### Task objective
Give back every entry exactly as it is written, but not the pictures.

Stored data entries
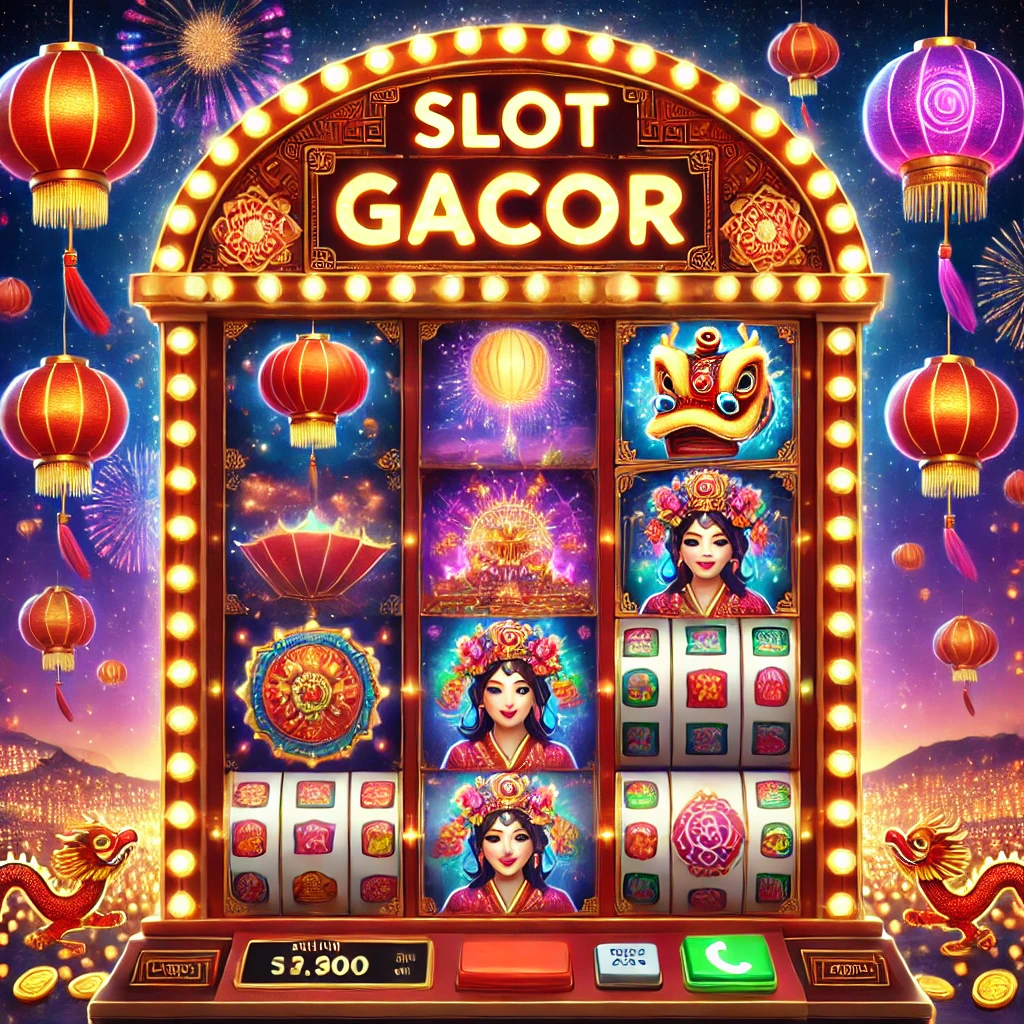 Berburu Simbol Aneh di Dunia Slot yang Penuh Kejutan
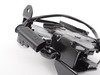 ES#2721192 - 51237300569 - Locking Hood Latch - Left  - Mounts under the hood on the front brace - Genuine MINI - MINI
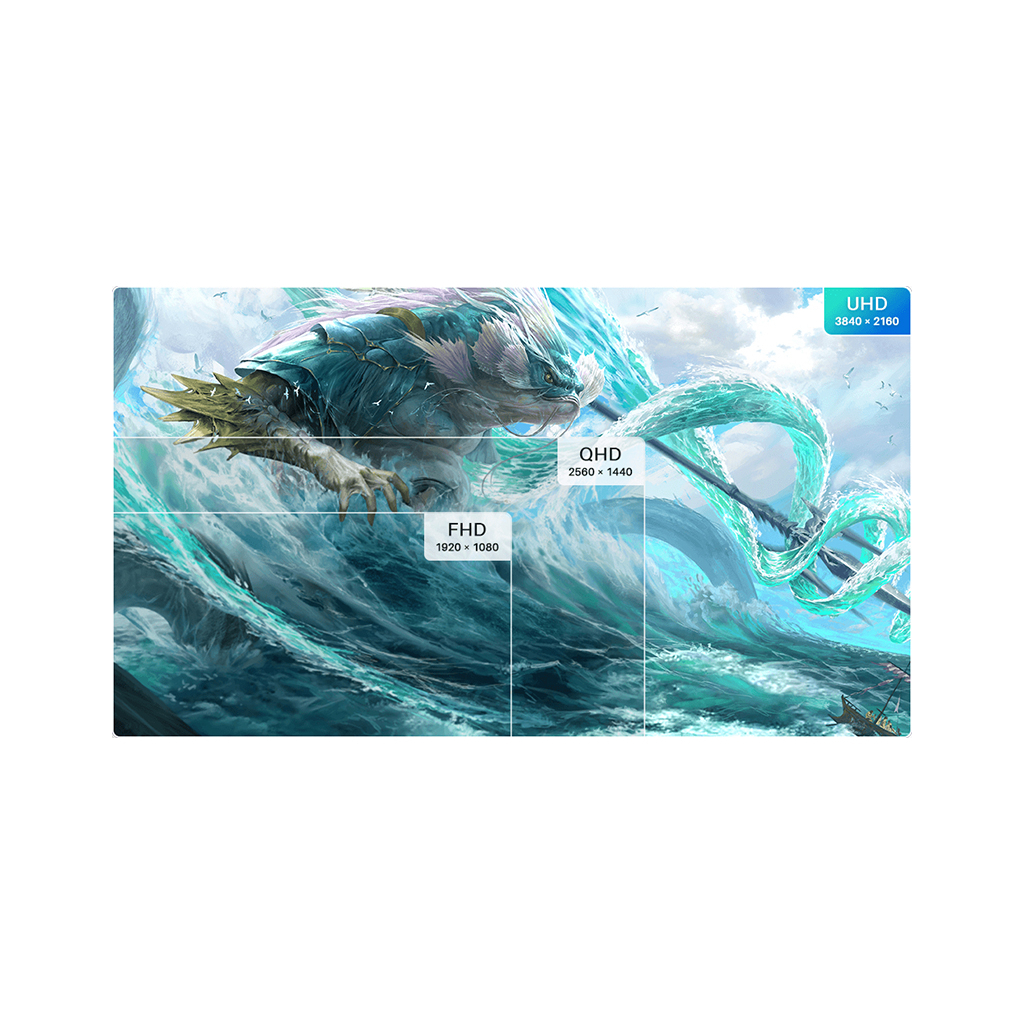 Графический планшет Huion Kamvas Pro 24 (4K) (GT2401) Diawest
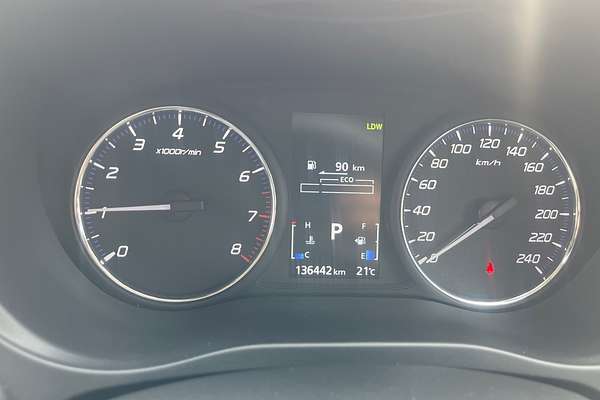 2018 Mitsubishi Outlander LS ZL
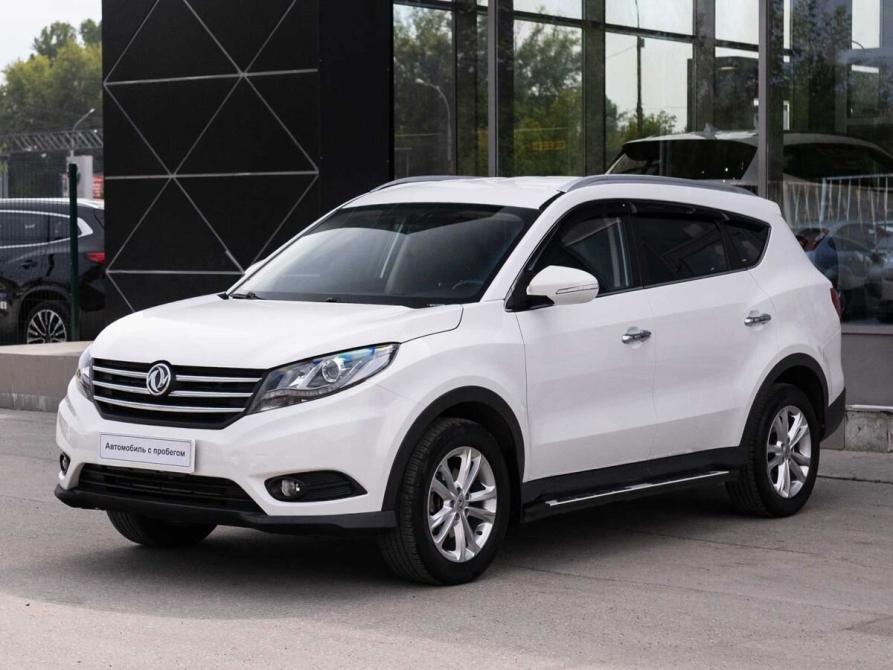 Dongfeng 580 I Рестайлинг Новосибирск  - изображение 1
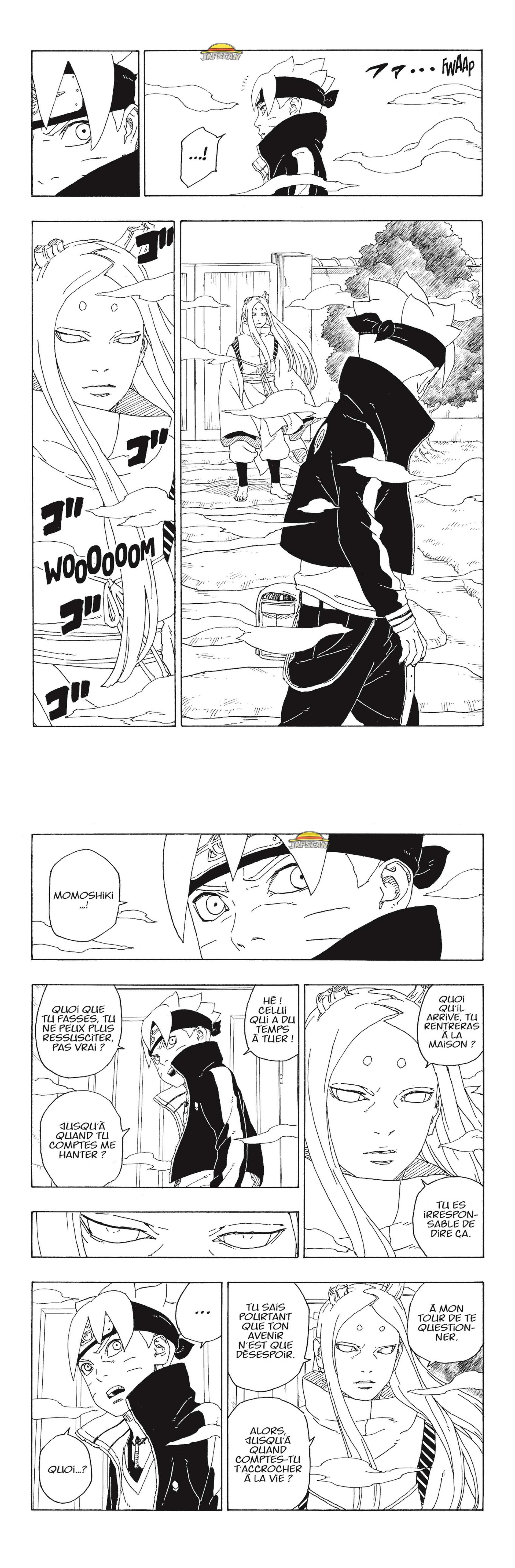 Read Boruto Fr Manga Online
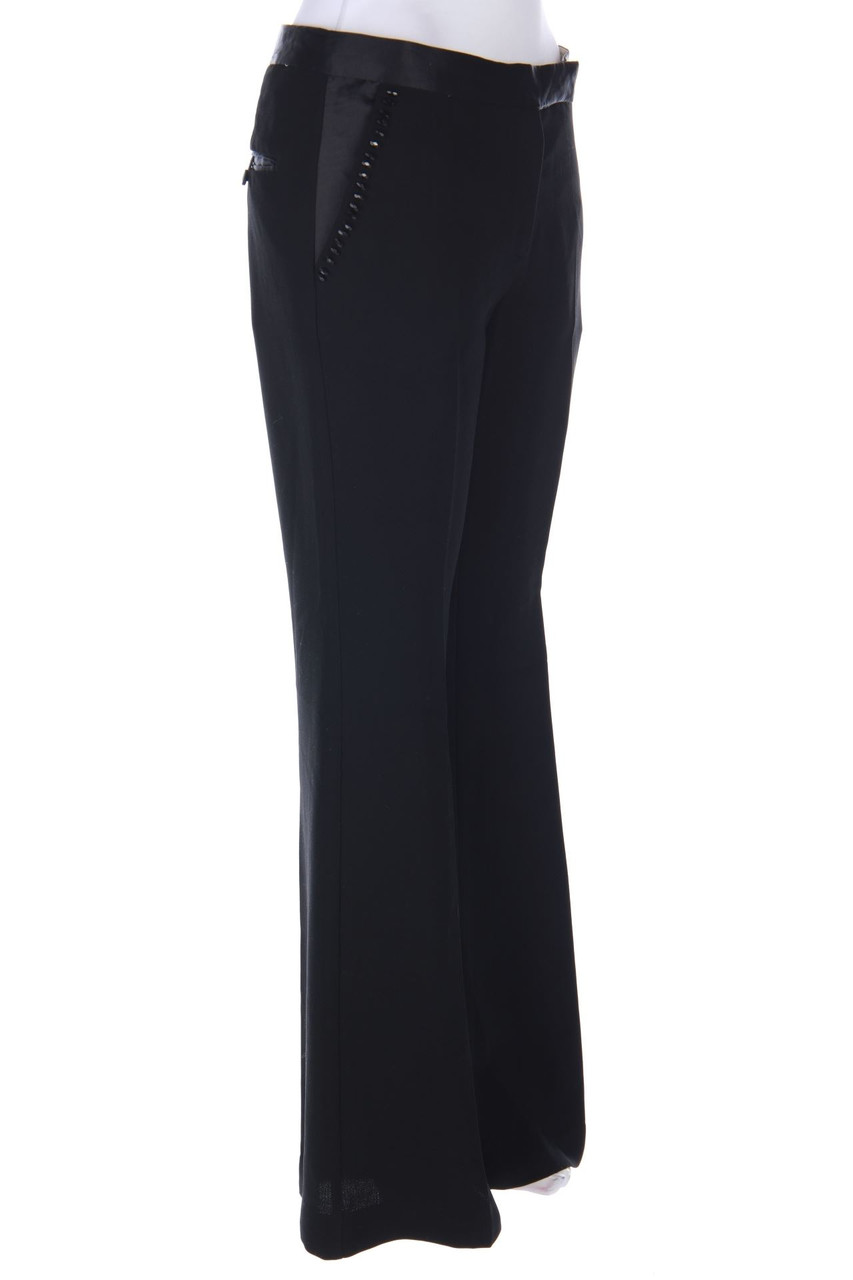 Carou BY MALENE BIRGER Hose mit Schmuckstein-Applikation VIP-Rabatte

### Output of the exercise
 Berburu Simbol Aneh di Dunia Slot yang Penuh Kejutan
 ES#2721192 - 51237300569 - Locking Hood Latch - Left  - Mounts under the hood on the front brace - Genuine MINI - MINI
 Графический планшет Huion Kamvas Pro 24 (4K) (GT2401) Diawest
 2018 Mitsubishi Outlander LS ZL
 Dongfeng 580 I Рестайлинг Новосибирск  - изображение 1
 Read Boruto Fr Manga Online
 Carou BY MALENE BIRGER Hose mit Schmuckstein-Applikation VIP-Rabatte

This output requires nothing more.